## Task item
Would you output the lines from the one containing "Vie au jardin：Œillet" through the final line of the entries, exactly and with pictures omitted?

(Collected data)

....................

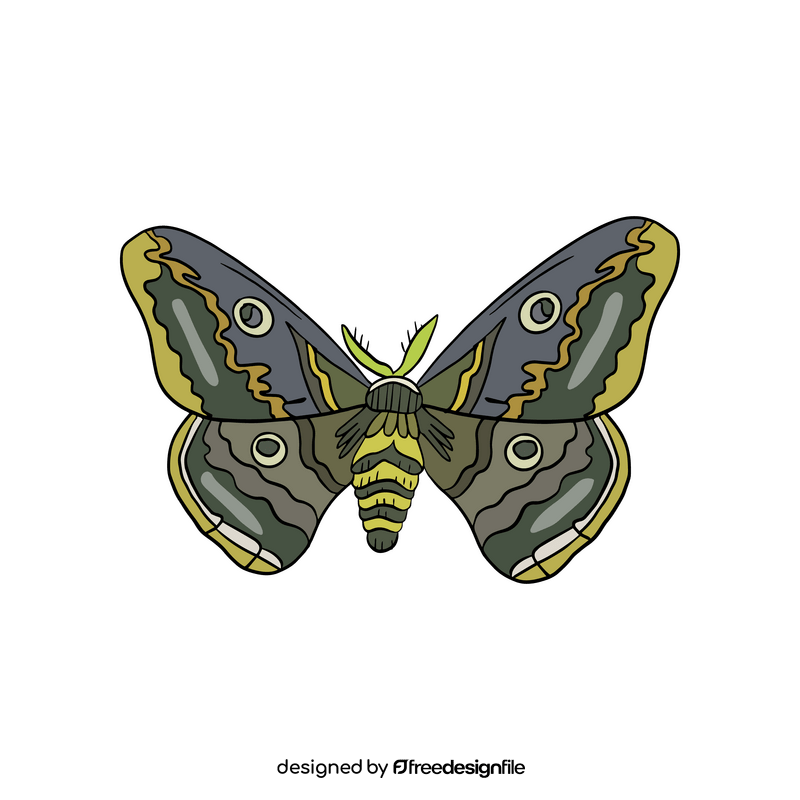 Moth insect clipart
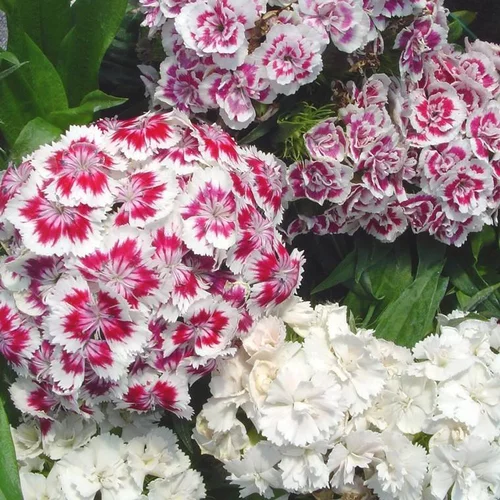 Vie au jardin：Œillet de poète - La barquette de 10 plants de 7 cm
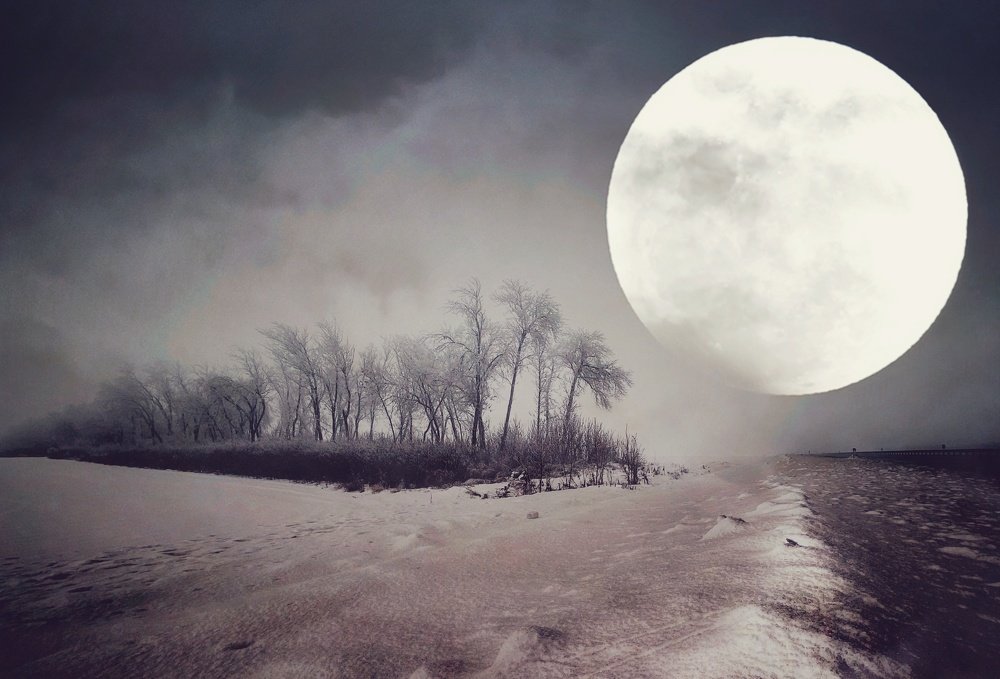 Photograph by Елена Гарибян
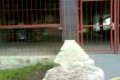 Le parkour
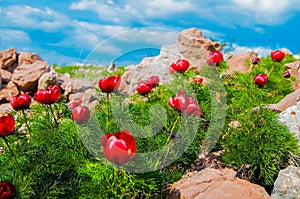 Meadow with green grass and red poppy flowers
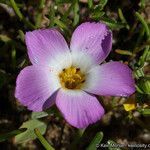 Linanthus dianthiflorus Flor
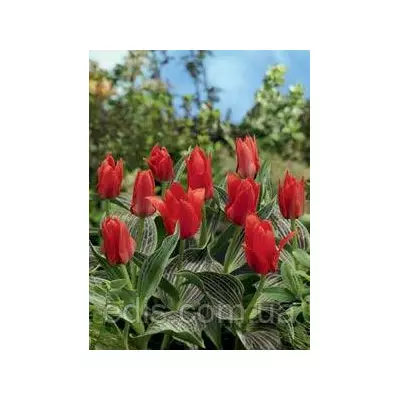 Тюльпан гібрид Грейга Red Riding Hood (Ред Райдін Гуд) 3 цибулини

....................

## Solution to the exercise
 Vie au jardin：Œillet de poète - La barquette de 10 plants de 7 cm
 Photograph by Елена Гарибян
 Le parkour
 Meadow with green grass and red poppy flowers
 Linanthus dianthiflorus Flor
 Тюльпан гібрид Грейга Red Riding Hood (Ред Райдін Гуд) 3 цибулини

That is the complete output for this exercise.